From Rubbia I drove in a car to the Battery. As I left the Group Headquarters, a number of wooden huts at the foot of the wooded slopes of Monte San Michele, which rise upwards from the road, I went under the railway which in peace-time connects Gorizia with Trieste. It is useless now, being within easy range of the Austrian guns, which have, moreover, broken down the high stone bridge on which the line crosses the Vippacco. A young Sicilian Sergeant accompanied me as a guide and pointed out Gorizia, some six miles away to the north, a widely-scattered town, very white in the sunlight, lying at the foot of high hills famous in the history of the war on this Front, Monte Sabotino, Monte Santo, Monte San Gabriele, of which there will be more for me to say hereafter.
The gun positions of my new Battery were situated just outside the little village of Pec, inhabited mostly by Slovene peasantry before the war, now all vanished. The village had been much shelled, first by Italian and then by Austrian guns, and there was not a house remaining undamaged, though several had been patched up as billets and cookhouses by British troops. Another of our Batteries had their guns actually in the ruins of the village, but ours were alongside a sunken road, leading down to the Vippacco. The guns themselves were concealed in thick bowers of acacias, the branches of which had been clipped here and there within our arc of fire. I doubt if anywhere, on any Front, a British Battery occupied a position of greater natural beauty. The officers' Mess and sleeping huts were a few hundred yards from the guns, right on the bank of the Vippacco, likewise hidden from view and shaded from the sun by a great mass of acacias, a luxuriant soft roof of fresh green leaves. Our Mess, indeed, had no other roof than this, for there was seldom any rain, and, as we sat at meals, we faced a broad waterfall, a curving wall of white foam, stretching right across the stream, which was at this point about seventy or eighty yards wide. Innumerable blue dragon-flies flitted backwards and forwards in the sunlight. Though the weather was warm, it was less hot than usual at this time of year, and the surroundings of our Mess reminded me vividly of Kerry. In the first days that followed I could often imagine myself back in beautiful and familiar places in the south-west corner of Ireland. Only Italian gunners coming and going, for several of their Battery positions were close to ours, and the Castello di Rubbia across the water, slightly but not greatly damaged, broke this occasional illusion.

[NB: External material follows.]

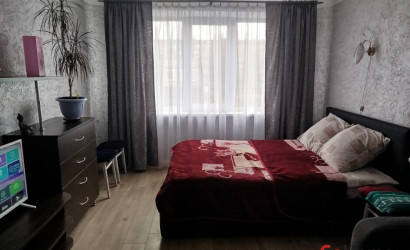 Снять 1-комнатную квартиру на сутки, Боровляны, Березовая роща, 11. Фото 1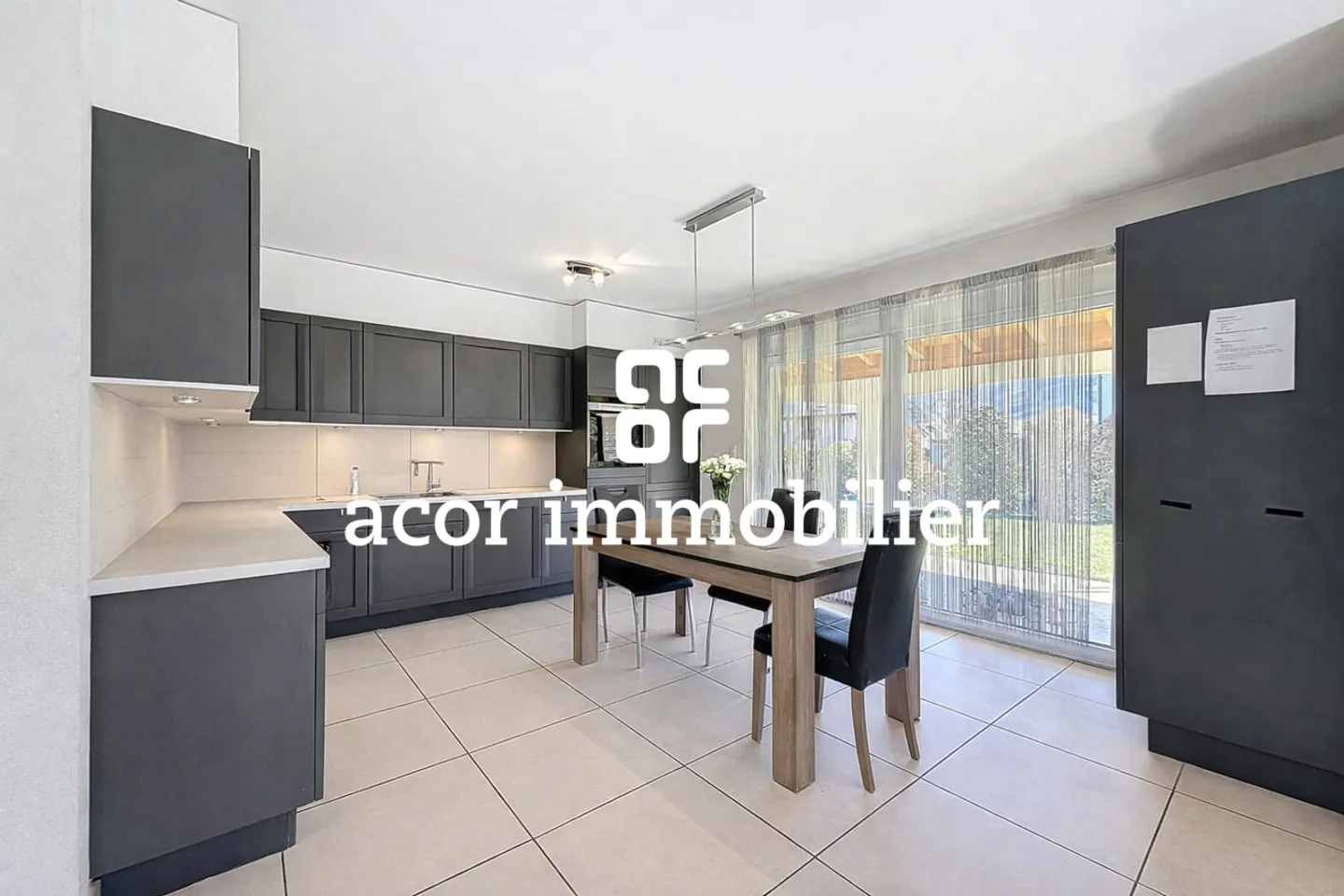 Spaziosa villa familiare 5,5 locali con giardino e seminterrato - Foto 3 di 6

These Italians took us quite for granted now, and that evening I began to learn about their Front. Things were pretty quiet at present on both sides, but greater activity was expected soon. I made the acquaintance of Venosta, an Italian Artillery officer attached to the Battery. He was from Milan, a member of a well-known Lombard family, and had a soft and quiet way with him and a certain supple charm. At ordinary times he preferred to take things easily, and was imperturbable by anything which he thought unimportant. But in crises, as I learned later on, he could show much calm resource and energy.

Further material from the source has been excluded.